Shazam images
Based on Tensorflow with the MobileNet model and ImageHash
Shazim retrieve similar images with AI Deep Learning and advanced hash image algorithms
The AI analyse images with MobileNet Tensorflow neural network and image are also analysed with complex linear algebra
A signature (hashcode) is computed for each image
Shazim compares images signature to compute the distance between 2 images
It's a POC only
Big thanks to Johannes Buchner for the ImageHash library and Google for TensorFlow
Based on Tensorflow, Pillow, Numpy, Scipy, ImageHash,
Easy installation, tested with Python 3.7 & Tensorflow 2.3
pip install -r requirements.txt
python shazim.py ski.jpg
shazim.py ski.jpg
Found 4 image(s)
images\ski.jpg at 100%
images\ski_copy.jpg at 100%
images\ski2.jpg at 84%
images\000000037689.jpg at 75%
Original: Copy 100%: Flip 84%: Other 75%:
Detect modified image from originals
shazim.py lenna.jpg
Found 3 image(s)
images\lenna.png at 100%
images\lenna-crop.jpg at 93%
images\lenna1.jpg at 72%
Original: Same 100%: Cropped image 93%: Text inserted 72%:
Image directory must be parsed for training before Shazim
shazim.py -p images
Parse images
Found 15 images in 0.0 s
Hashing
Hash 1/15 in 0.0 s
Load TensorFlow model:
Hash 11/15 in 3.2 s
Hashed in 3.3 s
Save db.pickle
Thresold = 50% instead of 75%:
# dah: AverageHash score (generate a 8x8 matrix with average points and compute the hamming distance)

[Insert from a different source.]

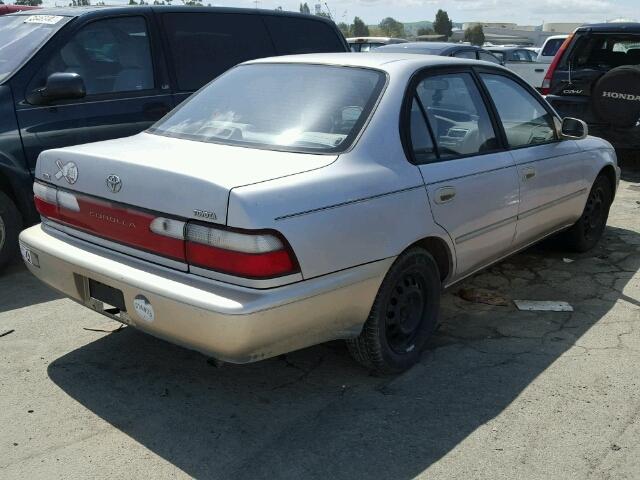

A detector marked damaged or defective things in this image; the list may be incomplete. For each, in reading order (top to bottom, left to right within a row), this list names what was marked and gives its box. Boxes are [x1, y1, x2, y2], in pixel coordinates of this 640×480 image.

# ddh: Difference Hash (generate 8x8 matrix with Discret Cosine Transform from gradients and compute the hamming distance)
# dfv: Feature Vector Hash (generate a 1792 vector from the output of the convulational parts of the MobileNet network and compute the cosine distance)
# Wavelets hash are not used beacause it's too slow and perceptual hash are not used because difference hash is better
# VGG*, Inception*, ResNet* are not used because the training is too slow
shazim.py -v ski.jpg
Parse images
Found 10 image(s)
images\ski.jpg at 100%
{'dah': 1.0, 'ddh': 1.0, 'dfv': 1.0}
images\ski_copy.jpg at 100%
{'dah': 1.0, 'ddh': 1.0, 'dfv': 1.0}
images\ski2.jpg at 84%
{'dah': 0.953, 'ddh': 0.719, 'dfv': 0.836}
images\000000037689.jpg at 75%
{'dah': 0.875, 'ddh': 0.578, 'dfv': 0.782}
images\000000038118.jpg at 73%
{'dah': 0.844, 'ddh': 0.609, 'dfv': 0.73}
images\ski3.jpg at 71%
{'dah': 0.828, 'ddh': 0.5, 'dfv': 0.754}
images\cat.10994.jpg at 57%
{'dah': 0.531, 'ddh': 0.422, 'dfv': 0.661}
images\cat.11016.jpg at 57%
{'dah': 0.625, 'ddh': 0.562, 'dfv': 0.544}
images\00000005.jpg at 55%
{'dah': 0.656, 'ddh': 0.375, 'dfv': 0.591}
images\lenna1.jpg at 54%
{'dah': 0.5, 'ddh': 0.5, 'dfv': 0.582}
Training:
from shazim import ShazimEngine
shazim = ShazimEngine()
shazim.parse("images")
shazim.train()
shazim.save()
Predict:
from shazim import ShazimEngine
shazim = ShazimEngine()
shazim.load()
im = shazim.load_image("ski.jpg")
thresold = 0.75
res = shazim.shazim(im, thresold)
Compare two images:
from shazim import ShazimEngine
shazim = ShazimEngine()
im1 = shazim.load_image("ski.jpg")
im2 = shazim.load_image("ski_copy.jpg")
res = im1 - im2
Hash image
from shazim import ShazimEngine
shazim = ShazimEngine()
im = shazim.load_image("ski.jpg")
im.ah #Average hash
im.dh #Difference hash
im.fv #MobileNet hash
Understand Image Hashing vs Deep Learning
Image hashing compute a 8x8 matrix and detect similar image or photoshoped image
For Image Hashing these images are in the same category :
shazim.py images\forest-high.jpg
Shazim...
Found 1 image(s)
images\forest-copyright.jpg at 98%
And these images are differents :
shazim.py images\tumblr1.jpg
Shazim...
Found 0 image(s)
Deep Learning wants to detect that these images are quite similar
Let see the prediction with -v option :
shazim.py images\tumblr1.jpg -v
Found 10 image(s)
images\tumblr2.jpg at 70%
{'dah': 0.609, 'ddh': 0.453, 'dfv': 0.86}
# dh : Difference hash doest not detect anything
# ah : Average hash detect only 61% similarity
# fv : MobileNet detect well at 86%
# Ponderation between hash methodes are weights = [1.0,1.0,2.0]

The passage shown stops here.